Habrá que seguir insistiendo, por tanto, las veces que haga falta, en que aquí el terrorismo nunca tuvo razón de ser. Ni por causa del franquismo, que siempre se esgrime como último recurso, cuando precisamente contra quien menos se cebó de todos sus enemigos potenciales fue contra el nacionalismo vasco. Ni por causa de una Constitución que negara los derechos del pueblo vasco, que están perfectamente reconocidos en sus disposiciones complementarias y en su doctrina.

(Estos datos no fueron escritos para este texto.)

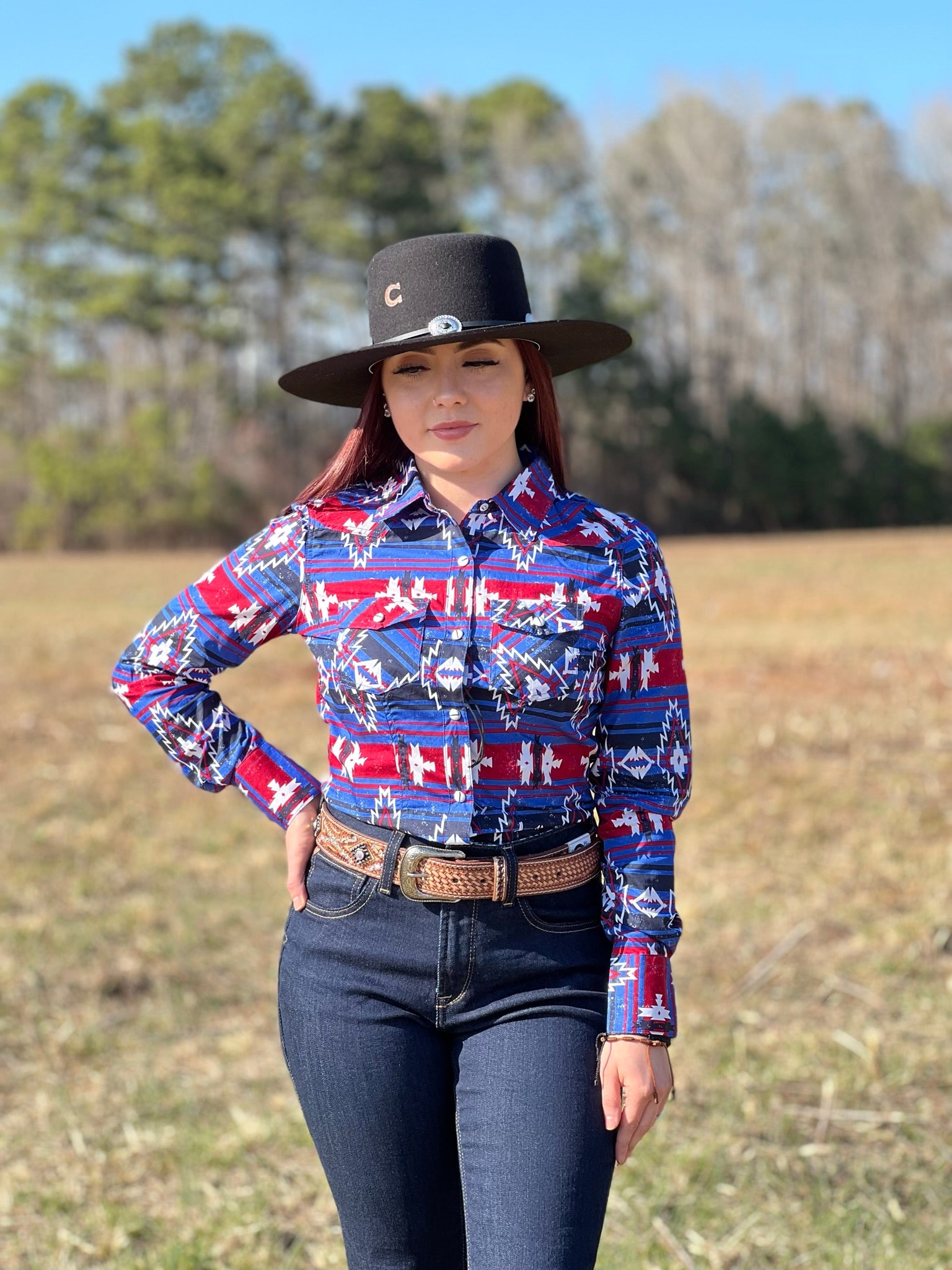 CAMISA PARA MUJERES ROCK&amp;ROLL BLUE AMERICAN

Ni por causa de una sociedad vasca que ha sufrido enormemente con todas las atrocidades cometidas en su nombre, como altercados callejeros y episodios de guerrilla urbana, y que nunca se ha tomado la justicia por su mano, salvo en ocasiones contadísimas y perseguidas por la justicia: y a quien también cuestione esto, habrá que recordarle que hay diez veces más atentados de ETA sin aclarar policial o judicialmente que todos los crímenes de los GAL.

Por lo tanto, las víctimas del terrorismo siguen teniendo razones sobradas para intervenir en política, porque todavía estamos en la primera estación del largo viaje para su reconocimiento y reparación, que tiene como objetivo inmediato diferenciar claramente entre víctima del terrorismo y persona que ha sufrido por el terrorismo. No puede aceptarse de ninguna manera que todas son víctimas del terrorismo, lo diga el obispo Uriarte, la ponencia de paz o el mismísimo secretario de Paz y Convivencia del Gobierno vasco. Porque unas sufrieron injustamente, sin buscarlo, y otras se lo buscaron sin motivo y sin razón.